Experiments support multi-GPU training via the launcher field in the experiment config:

# In the experiment config (set via create_experiment tool or CLI)
launcher: accelerate   # "python" (default), "torchrun", "accelerate", "deepspeed"
num_gpus: 4            # Number of GPUs
gpu_ids: [0, 1, 2, 3]  # Specific GPUs (sets CUDA_VISIBLE_DEVICES)
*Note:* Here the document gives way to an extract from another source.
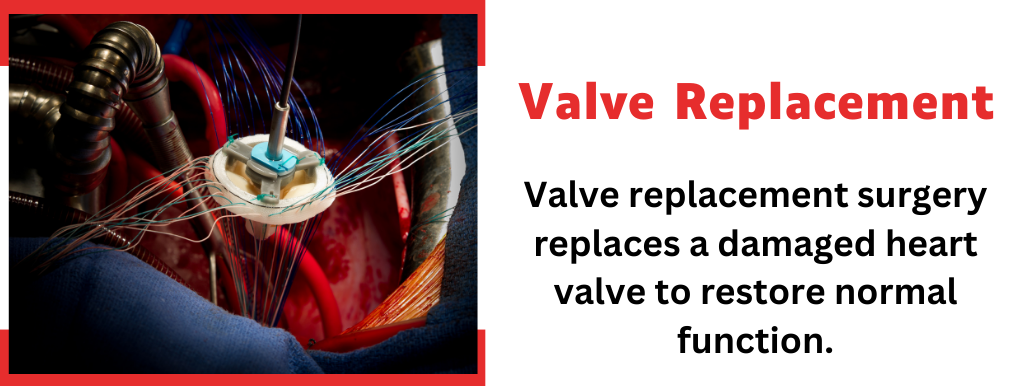 Valve Replacement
Launcher	Command generated
`python`	`python train.py --args`
`torchrun`	`torchrun --nproc_per_node=4 train.py --args`
`accelerate`	`accelerate launch --num_processes=4 train.py --args`
`deepspeed`	`deepspeed --num_gpus=4 train.py --args`

To use a single specific GPU: gpu_ids: [2] → sets CUDA_VISIBLE_DEVICES=2.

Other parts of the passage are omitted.